Very obsessed with this movie.
In a typical author's film, every character, scene, and plot sequence has strong imagery, including the appearance of the heroine.
The meaning is very beautiful, and the beauty is boring.
The poetic language of the film is wrapped with a lustful and shameless core, which has nothing to do with love. Absolute selfishness, sex, hallucinations, and money.
It's full of B-fuck and slutty movies.
The literati's self-righteousness, pretentiousness, self-satisfaction, and grand moral decline are vividly displayed.
One spends a friend's money and sleeps with a friend's wife, and another takes her husband's money for her lover, and at the same time despises her husband for not being arty.
Too many films tell us not to marry a young literary woman as a wife.

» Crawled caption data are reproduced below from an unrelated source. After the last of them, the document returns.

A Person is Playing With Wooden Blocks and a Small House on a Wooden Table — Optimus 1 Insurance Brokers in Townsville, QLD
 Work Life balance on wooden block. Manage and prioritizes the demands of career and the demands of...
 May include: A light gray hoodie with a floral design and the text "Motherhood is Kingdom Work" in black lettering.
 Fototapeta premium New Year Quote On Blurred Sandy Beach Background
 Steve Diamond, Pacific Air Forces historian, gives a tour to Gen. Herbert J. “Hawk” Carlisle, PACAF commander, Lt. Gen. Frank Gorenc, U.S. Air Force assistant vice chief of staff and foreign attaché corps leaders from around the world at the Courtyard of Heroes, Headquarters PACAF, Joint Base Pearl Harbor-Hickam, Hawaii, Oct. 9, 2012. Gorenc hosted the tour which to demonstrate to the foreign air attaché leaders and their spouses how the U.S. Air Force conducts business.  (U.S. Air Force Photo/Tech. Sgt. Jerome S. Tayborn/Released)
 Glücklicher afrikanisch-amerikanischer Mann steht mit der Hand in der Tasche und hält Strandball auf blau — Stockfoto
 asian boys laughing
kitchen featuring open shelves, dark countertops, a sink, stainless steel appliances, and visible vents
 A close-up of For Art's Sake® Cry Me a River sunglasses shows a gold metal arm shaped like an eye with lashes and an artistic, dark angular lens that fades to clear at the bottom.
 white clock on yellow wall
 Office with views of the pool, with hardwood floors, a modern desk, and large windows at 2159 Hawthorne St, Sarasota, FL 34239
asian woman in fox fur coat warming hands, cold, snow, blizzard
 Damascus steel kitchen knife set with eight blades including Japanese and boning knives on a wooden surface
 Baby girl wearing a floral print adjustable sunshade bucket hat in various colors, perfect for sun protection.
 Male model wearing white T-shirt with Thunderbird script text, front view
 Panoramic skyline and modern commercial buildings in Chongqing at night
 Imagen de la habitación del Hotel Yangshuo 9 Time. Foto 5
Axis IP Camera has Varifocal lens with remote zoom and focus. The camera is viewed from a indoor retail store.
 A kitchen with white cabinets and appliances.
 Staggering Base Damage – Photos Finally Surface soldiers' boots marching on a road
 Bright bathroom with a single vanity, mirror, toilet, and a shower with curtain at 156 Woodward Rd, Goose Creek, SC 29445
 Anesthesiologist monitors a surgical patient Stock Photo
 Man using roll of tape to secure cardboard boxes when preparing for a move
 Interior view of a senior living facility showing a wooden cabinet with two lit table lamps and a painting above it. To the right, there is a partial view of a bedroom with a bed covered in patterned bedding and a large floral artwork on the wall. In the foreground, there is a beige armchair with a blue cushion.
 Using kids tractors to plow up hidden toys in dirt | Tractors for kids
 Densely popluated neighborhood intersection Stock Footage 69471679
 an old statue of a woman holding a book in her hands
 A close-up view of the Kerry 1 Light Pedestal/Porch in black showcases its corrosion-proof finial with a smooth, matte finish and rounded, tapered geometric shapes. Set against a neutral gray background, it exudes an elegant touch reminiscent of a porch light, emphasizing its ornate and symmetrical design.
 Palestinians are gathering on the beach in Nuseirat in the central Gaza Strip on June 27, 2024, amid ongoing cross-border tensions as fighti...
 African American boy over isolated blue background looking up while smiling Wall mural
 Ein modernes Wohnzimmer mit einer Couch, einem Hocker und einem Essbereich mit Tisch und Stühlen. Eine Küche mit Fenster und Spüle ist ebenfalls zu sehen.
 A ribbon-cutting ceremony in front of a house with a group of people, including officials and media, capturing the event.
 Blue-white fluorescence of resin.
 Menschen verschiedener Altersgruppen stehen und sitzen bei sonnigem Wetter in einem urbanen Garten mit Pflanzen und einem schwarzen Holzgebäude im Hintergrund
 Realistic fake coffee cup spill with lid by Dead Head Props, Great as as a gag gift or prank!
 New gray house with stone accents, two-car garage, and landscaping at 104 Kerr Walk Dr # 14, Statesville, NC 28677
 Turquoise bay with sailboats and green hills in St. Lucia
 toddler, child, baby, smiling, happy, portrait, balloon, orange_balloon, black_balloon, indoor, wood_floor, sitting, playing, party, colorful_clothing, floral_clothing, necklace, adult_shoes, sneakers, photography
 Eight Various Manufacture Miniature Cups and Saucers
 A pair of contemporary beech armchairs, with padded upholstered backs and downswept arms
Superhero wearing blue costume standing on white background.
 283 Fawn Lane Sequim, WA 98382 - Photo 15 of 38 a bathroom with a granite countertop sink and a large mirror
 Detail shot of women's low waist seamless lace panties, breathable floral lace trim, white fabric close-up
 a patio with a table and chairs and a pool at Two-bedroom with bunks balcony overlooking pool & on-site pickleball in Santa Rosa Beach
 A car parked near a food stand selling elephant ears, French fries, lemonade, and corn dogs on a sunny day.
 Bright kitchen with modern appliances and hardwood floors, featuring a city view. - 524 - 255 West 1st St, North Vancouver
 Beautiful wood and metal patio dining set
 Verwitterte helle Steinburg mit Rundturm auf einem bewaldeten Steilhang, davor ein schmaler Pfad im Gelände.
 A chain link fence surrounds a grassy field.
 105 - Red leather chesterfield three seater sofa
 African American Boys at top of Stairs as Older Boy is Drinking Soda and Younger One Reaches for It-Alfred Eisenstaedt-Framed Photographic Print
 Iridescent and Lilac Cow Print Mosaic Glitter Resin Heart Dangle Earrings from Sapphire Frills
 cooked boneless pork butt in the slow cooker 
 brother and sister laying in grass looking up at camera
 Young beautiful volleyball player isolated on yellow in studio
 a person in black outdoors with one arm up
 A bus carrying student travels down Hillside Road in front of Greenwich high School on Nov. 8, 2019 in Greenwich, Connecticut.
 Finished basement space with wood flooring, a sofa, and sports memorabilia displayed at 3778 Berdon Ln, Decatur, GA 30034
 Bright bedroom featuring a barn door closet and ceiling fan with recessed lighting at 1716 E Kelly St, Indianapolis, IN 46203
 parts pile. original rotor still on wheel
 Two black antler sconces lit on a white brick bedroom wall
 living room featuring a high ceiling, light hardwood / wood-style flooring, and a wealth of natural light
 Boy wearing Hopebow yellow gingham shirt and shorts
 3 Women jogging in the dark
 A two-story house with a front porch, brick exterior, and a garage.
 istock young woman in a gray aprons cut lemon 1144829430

Award-winning screenwriter Philip Kaufman directs for the first time, putting literaryness at the top of the human relationship food chain. So Joan Worship and Backward Henry, Ana Essinian and Backward Henry and Joan, poor Hugo Worship and Backward Ana Essin, which is Hugo the Banker, feeds everyone, and that stupid cousin, What an inspiring thing for B-dressing artists.
For the sake of literary experience, one can let go of moral decline. But this smoky delusion after the moral decline is so fascinated, there is a psychedelic fantasy of eating opium, the people who love this movie are largely out of narcissism, and I am not exception.
I can't resist any love, my blood starts dancing, my legs spread.
Whoever said this is looking for a draw. But Anais Ning's big innocent eyes stared at you unabashedly, frankly like a child asking for candy.
The two female protagonists are all out-of-this-world beauty, enchanting, fragrant, pure and beautiful.